• Exercise
Repeat the data in full. Drop every picture.

(Short web captions)
=== Begin Enclosure ===

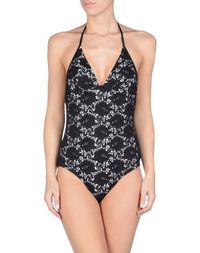 Банный халат Moschino Swim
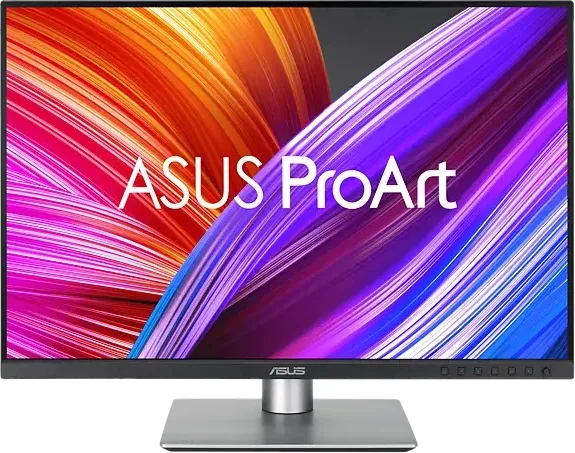 Asus ProArt Display PA248CRV Écrans de bureau et professionnels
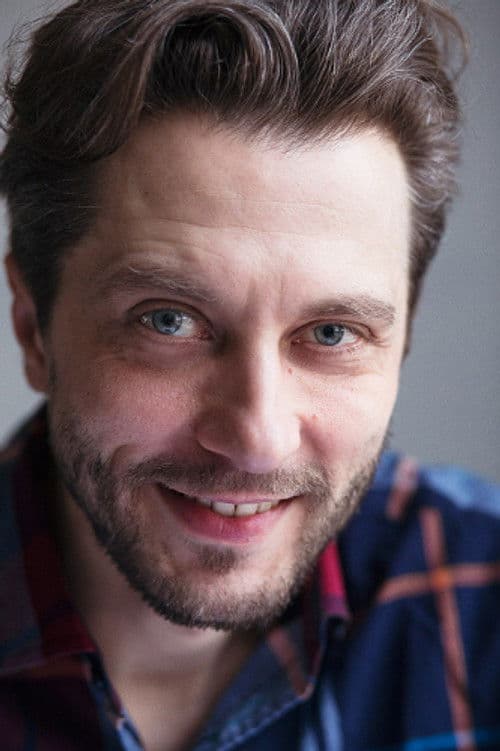 Vladimir Pavic profile photo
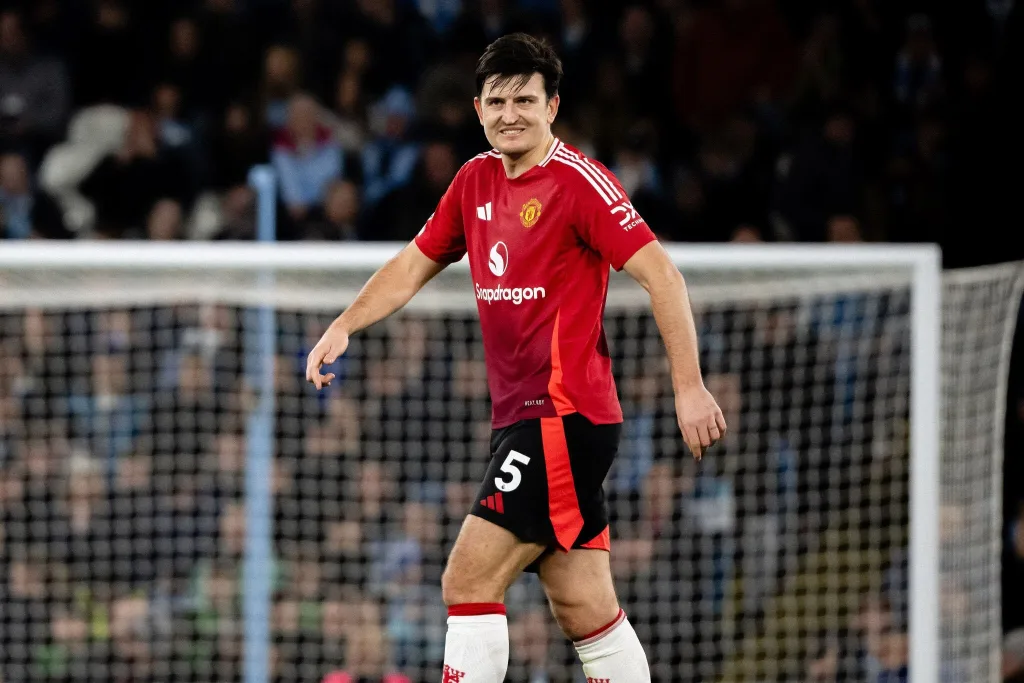 Harry Maguire Ruben Amorim Acknowledges Job Insecurity Amid Manchester United’s Struggles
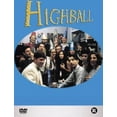 thumbnail image 1 of Highball [ NON-USA FORMAT, PAL, Reg.2 Import - Netherlands ], 1 of 1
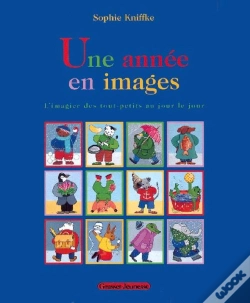 Capa do artigo Une Annee En Images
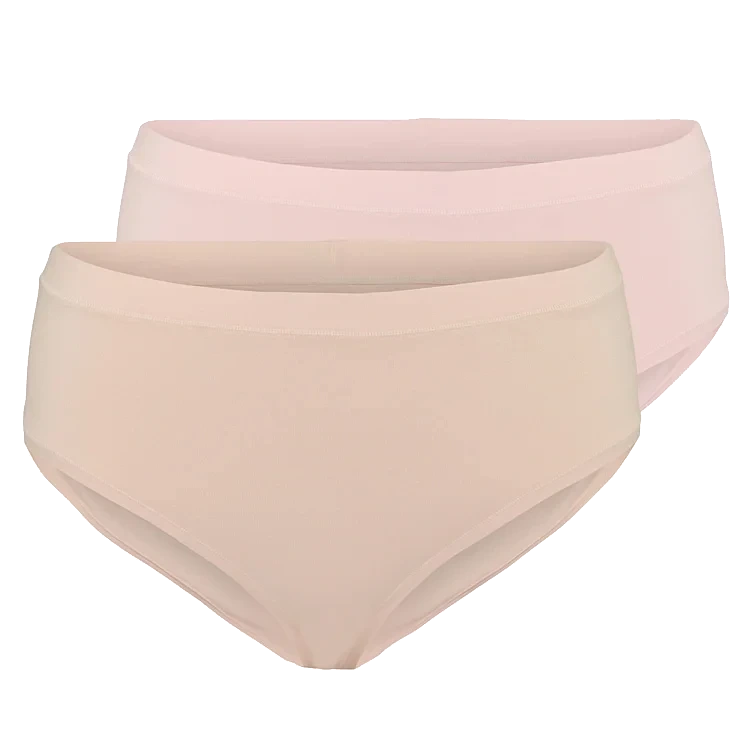 Truse Cotton Powder/Pink Xl Pierre Robert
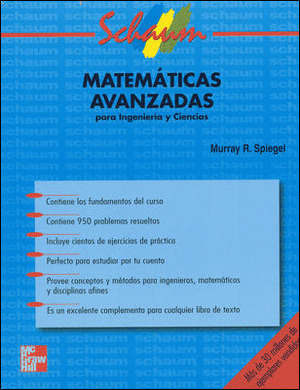MATEMATICAS AVANZADAS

=== End Enclosure ===

• Solution
 Банный халат Moschino Swim
 Asus ProArt Display PA248CRV Écrans de bureau et professionnels
 Vladimir Pavic profile photo
 Harry Maguire Ruben Amorim Acknowledges Job Insecurity Amid Manchester United’s Struggles
 thumbnail image 1 of Highball [ NON-USA FORMAT, PAL, Reg.2 Import - Netherlands ], 1 of 1
 Capa do artigo Une Annee En Images
 Truse Cotton Powder/Pink Xl Pierre Robert
MATEMATICAS AVANZADAS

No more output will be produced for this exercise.